En 1997 jugaba en el Leganés. Al salir de un entrenamiento, el tímido negrito de 16 años dejó atónitos a compañeros, periodistas y mozos alrededor con el espectacular lagarto que ataba el pantalón a su cintura. Eto’o se había gastado su primer sueldo en un discreto cinturón forrado en piel de cocodrilo.
Trece años después, Samu decidió invertir más de un millón de dólares en relojes para sus compañeros de selección, con valor de 50mil cada uno. El obsequio era un premio por la calificación a un Mundial del que Camerún se fue con dos goles a favor. Ambos anotados por Eto’o.
El suyo es un curioso caso de egoísmo generoso, o de generosidad egoísta; que no son lo mismo. A diferencia de la mayoría de cracks que adornan el firmamento balompédico, Eto’o jamás desaparece en los momentos cruciales. Enfermizamente ganador, juega para el equipo, con el único afán de que el equipo le corresponda jugando para él. Sofoca a los porteros, sopla orejas de compañeros, rivales, árbitros, recogebalones y cualquiera que ose acaparar por un segundo el esférico, solo para tomarlo y ponerlo en su lugar: adentro.

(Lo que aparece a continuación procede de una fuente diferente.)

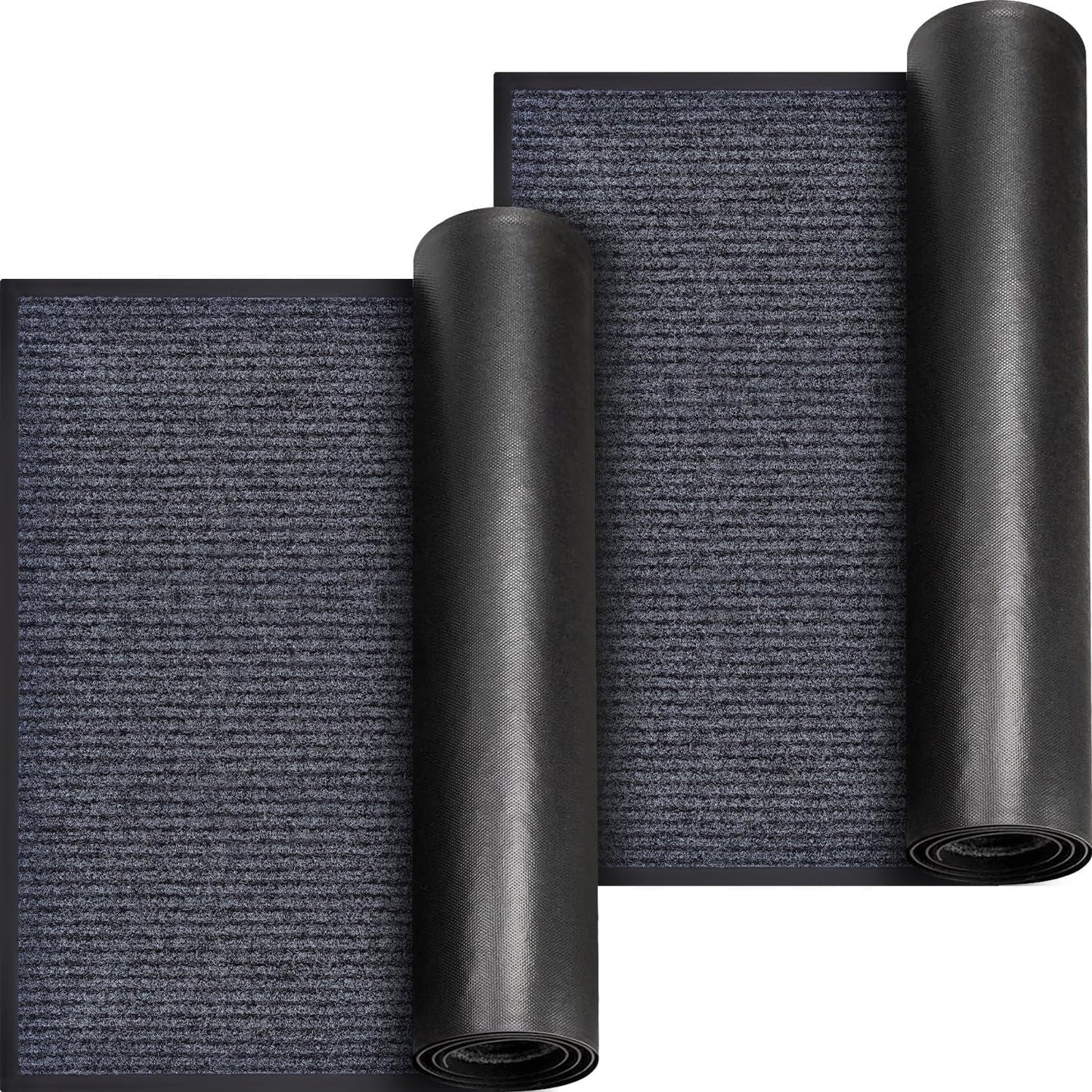 Brush-Step Entrance Mat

Tras darle dos Copas de Europa al Barcelona, Eto’o se marchó y ganó su tercera. Lo hizo sacrificándose como nunca: jugando donde le dijeran y cómo le dijeran. Su sed de venganza fue más fuerte que su ambición, y dejó por una vez que Milito lo eclipsara.

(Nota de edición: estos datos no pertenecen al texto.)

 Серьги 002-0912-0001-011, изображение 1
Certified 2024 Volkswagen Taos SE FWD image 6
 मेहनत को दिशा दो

Pero su ADN no se alteró. Ayer, por ejemplo, firmó dos goles y dos pases a gol. Ya suma 18 anotaciones en sus últimos 15 partidos. Protagonista del peor negocio de la historia universal desde que Santa Anna malvendiera la mitad del país (el Barcelona lo cambió por Ibrahimovic, y encima le pagó 30 millones de Euros al Inter), la inmensidad de su nueve no fue emulada por el sueco, ni tampoco lo será por Villa, ni por Bojan, ni por nadie.
No firma tantos comerciales como quiere, ni le otorgan los premios individuales que sabe merecer, pero es el mejor de todos. Lleva más de un lustro siéndolo. Aunque solamente él y yo nos enteremos.